# Assignment:
Exclude the pictures, then repeat the remaining data exactly.

# Exercise data:
════

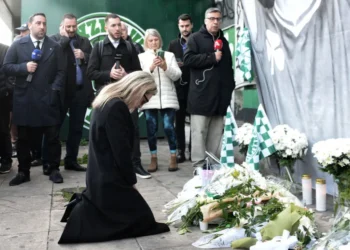 Μίμης Δομάζος – κηδεία: Συγκίνηση στην τελευταία στάση στη Λεωφόρο, ουρές στη Μητρόπολη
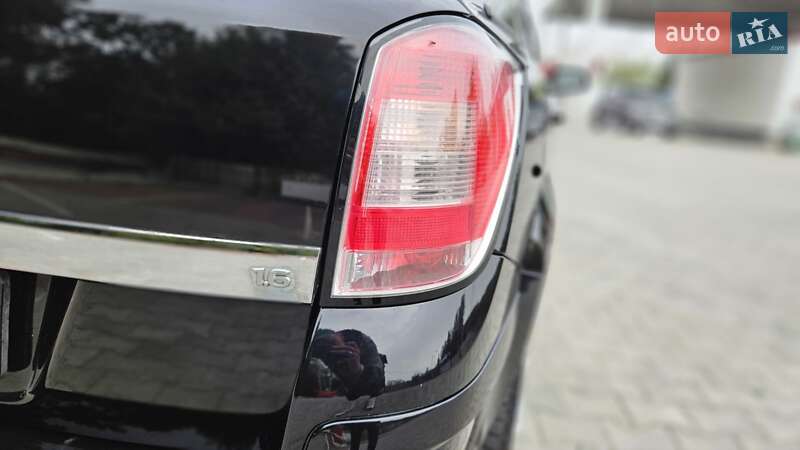 Універсал Opel Astra 2008 в Вінниці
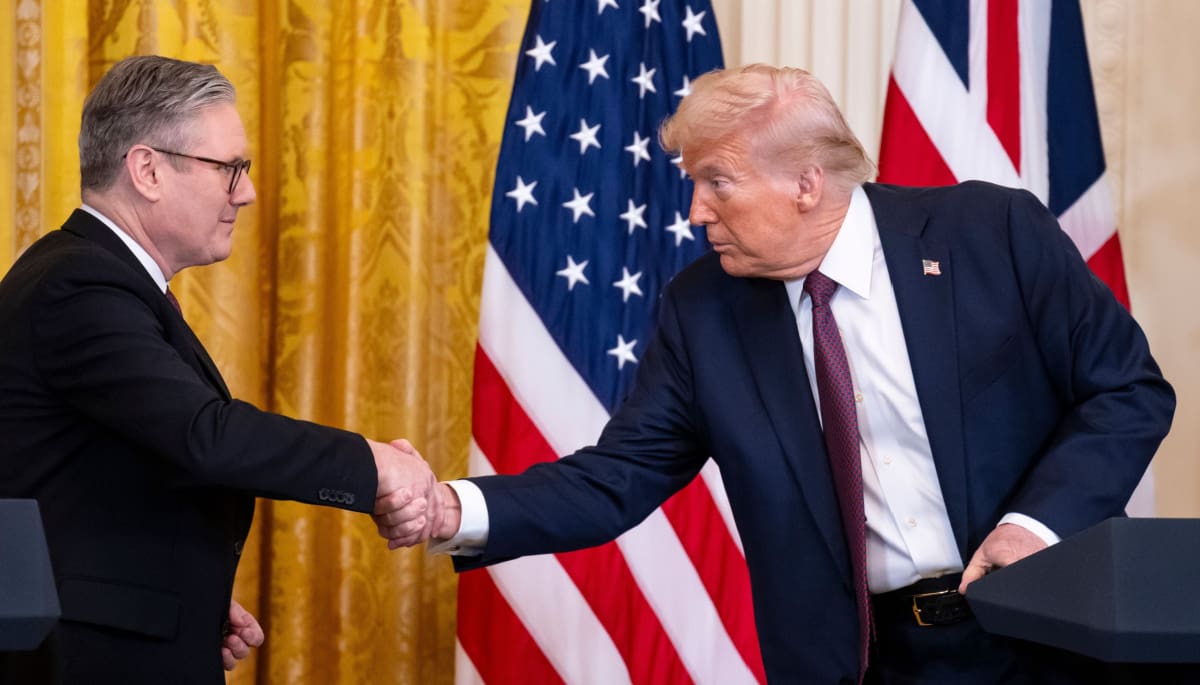 US-Präsident Donald Trump schüttelt dem Premierminister des Vereinigten Königreichs die Hand.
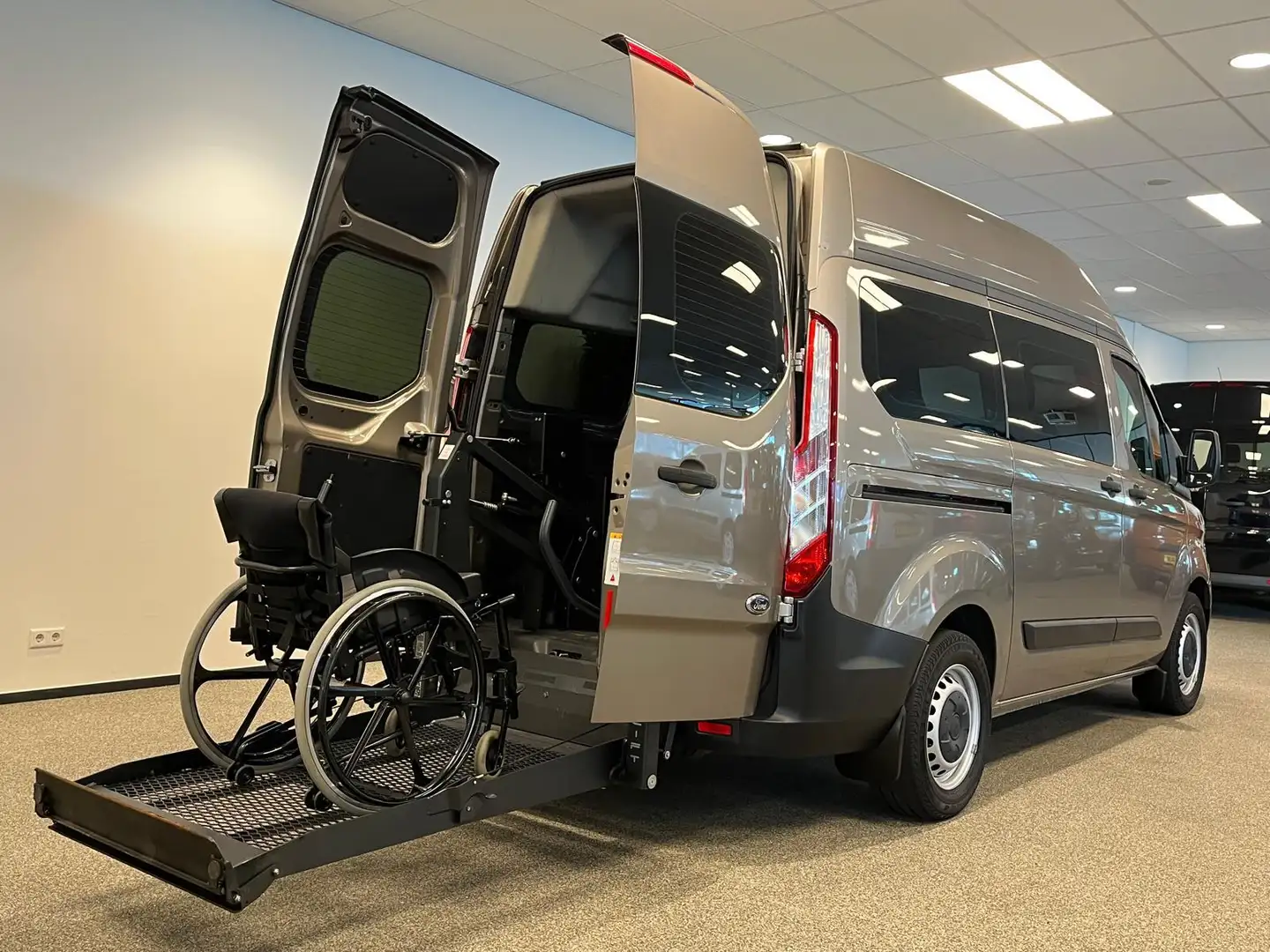 Ford Transit Custom L1H2 Rolstoelbus Automaat Zelfrijder Gris - 2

════

# Task response:
 Μίμης Δομάζος – κηδεία: Συγκίνηση στην τελευταία στάση στη Λεωφόρο, ουρές στη Μητρόπολη
 Універсал Opel Astra 2008 в Вінниці
 US-Präsident Donald Trump schüttelt dem Premierminister des Vereinigten Königreichs die Hand.
 Ford Transit Custom L1H2 Rolstoelbus Automaat Zelfrijder Gris - 2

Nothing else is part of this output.